Monday, May 3, 1999 Published at 18:19 GMT 19:19 UK
The whaling debate
As Norway's whaling season gets under way amid protests from international conservation organisations, representatives from both sides of the whaling debate put their case to BBC News Online.
Chris Stroud, Director of the Whale and Dolphin Conservation Society (WDCS)
Norwegian whalers have begun an unnecessary hunt for 753 minke whales although they have still to sell their whale meat stockpiles from previous years' hunts.
This unconsumable increase in Norway's self-allocated quota is designed to put political pressure on the International Whaling Commission (IWC). The aim is to make the IWC endorse this commercial whaling through the implementation of a proposal from Ireland that would undermine the IWC and grant quotas to two of the world's richest nations.
Norway and her whalers have consistently failed to abide by international whaling regulations. The current industrial whaling is a flagrant contravention of the existing 1982 moratorium decision.

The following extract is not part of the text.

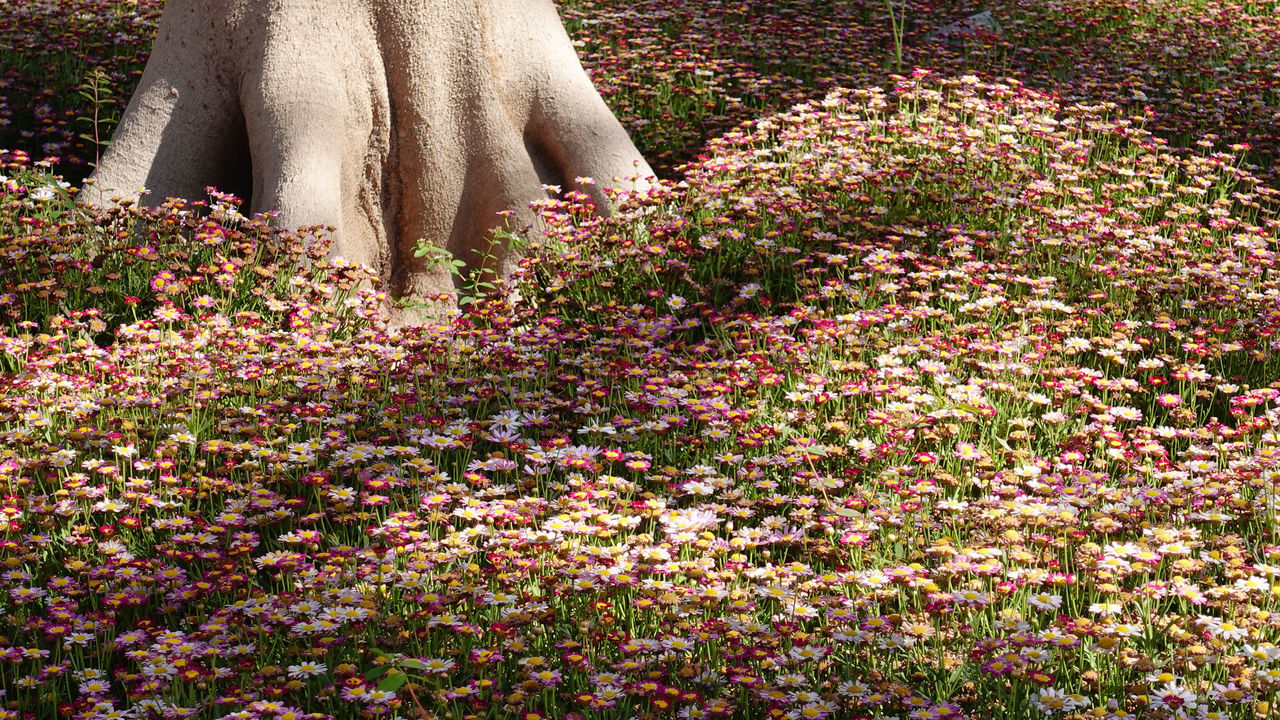 LOW SECTION OF PERSON STANDING ON FIELD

During the last 10 years there have been numerous attempts by whalers to smuggle whale meat to their true market of Japan where prices can reach $300 for a kilo of whale meat and blubber.
In 1994 a Norwegian whaling boat caught and processed a whale in excess of its quota despite having a national inspector on board.
There is still controversy about how many whales there are in the oceans but we do know that they are facing increasing threats from man-made pollutants and global climate change.
We are only just becoming aware of these insidious threats and with such long living and slow breeding creatures they could have disastrous effects on the long-term stability of whale populations.
Furthermore, in some children of the Faro Islands, not far from Norway, we are now beginning to see neurological problems caused by the fact that their mothers consumed polluted whale meat.
Killing whales is inherently cruel, with some of these sentient creatures taking up to 55 minutes to die in the Norwegian hunts.
Many of these creatures are pregnant females, which have been reportedly hunted because they give more meat.
The Norwegian whalers are successful fishermen, with a steady income from their other fishing activities. Whale meat was not consumed much in Norway until the 1930s and 1940s when the industry was developed in light of the huge profits that were to be made.
As the 20th century draws to a close, is time to condemn this unnecessary and cruel industry to the annals of history.
Arthur Knutsen, Economic Counsellor of the Royal Norwegian Embassy in London
The international experts of the Scientific Committee of the International Whaling Commission (IWC) has several times stated that the minke whale is not endangered.
In 1996, they agreed a stock estimate of 112,000 in the north east Atlantic. In addition, the sightings results indicated that there are about 11,000 in the Norwegian Jan Mayen area.
Under no circumstances is Norwegian whaling in breach of any international agreement. We have reserved our position on the whaling moratorium in accordance with the provision of the International Whaling Convention.
As such, we are neither bound by the ban nor in contravention of international agreements. Norway's minke quota for 1999 is 753 animals. This includes a transfer of 140 animals from previously unused quotas in accordance with the IWC's 1997 decision on transfer of quotas.
Whaling is carried out in close co-operation with scientists from all over the world and follows the conditions set out by the IWC Scientific Committee.
All the scientific information gathered is then made available to the committee. It is scientific investigations of this kind which provide the very basis for the IWC's analysis of the condition of the minke whale stock.
Norway has undertaken considerable research into improving catch methods for small-type minke whaling so as to minimise suffering. Our efforts in this regard have been commended by the IWC but we intend to do more.
There are now training programmes for fishing boat crews participating in the traditional coastal whaling hunt. Rigorous inspection and control procedures through specially trained onboard veterinary inspectors have also been implemented. An inspector now goes out with every hunt vessel.